The whole listing needs retyping exactly; keep the pictures out of it.

Data section.
=== Begin Enclosure ===
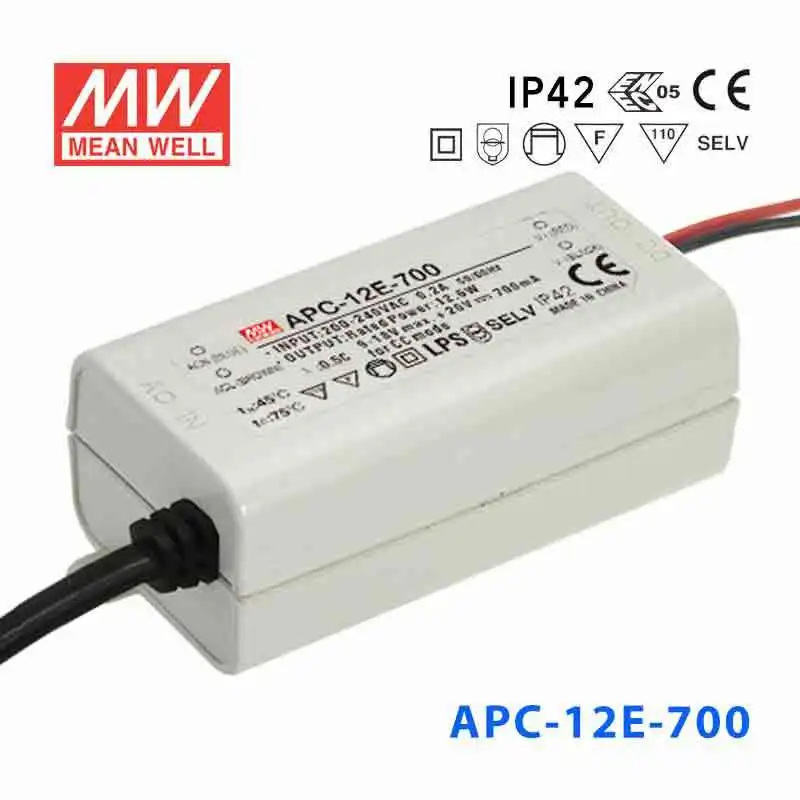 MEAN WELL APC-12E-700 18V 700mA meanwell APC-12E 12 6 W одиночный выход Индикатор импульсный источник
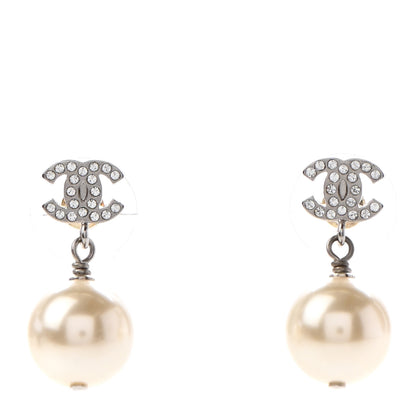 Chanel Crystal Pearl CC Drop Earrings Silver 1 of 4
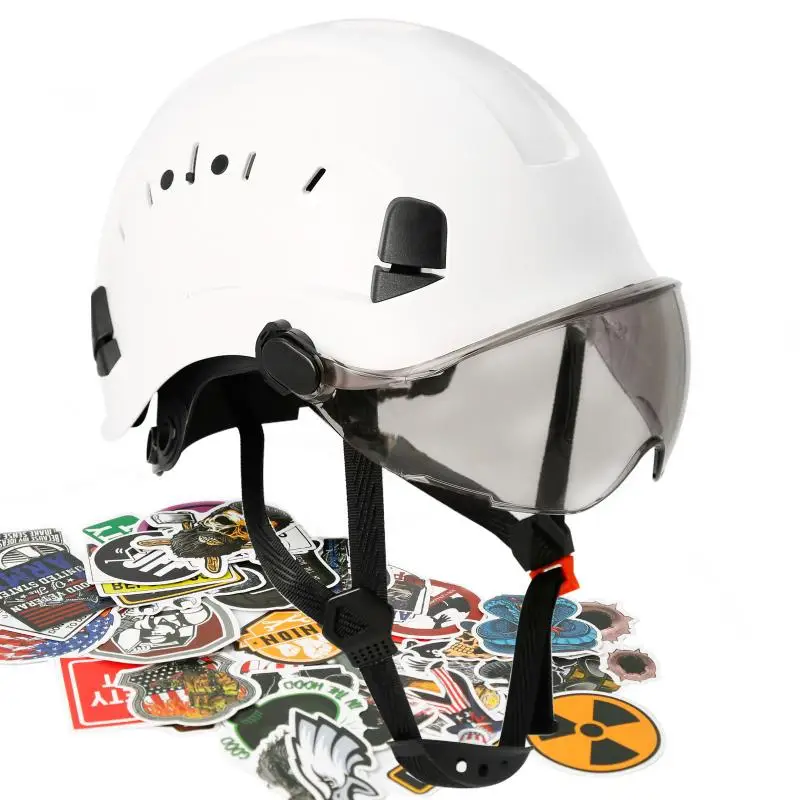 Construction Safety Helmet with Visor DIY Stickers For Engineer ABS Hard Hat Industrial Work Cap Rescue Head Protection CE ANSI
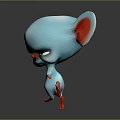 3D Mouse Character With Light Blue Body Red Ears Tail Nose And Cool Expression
=== End Enclosure ===
Answer below.
 MEAN WELL APC-12E-700 18V 700mA meanwell APC-12E 12 6 W одиночный выход Индикатор импульсный источник
 Chanel Crystal Pearl CC Drop Earrings Silver 1 of 4
 Construction Safety Helmet with Visor DIY Stickers For Engineer ABS Hard Hat Industrial Work Cap Rescue Head Protection CE ANSI
 3D Mouse Character With Light Blue Body Red Ears Tail Nose And Cool Expression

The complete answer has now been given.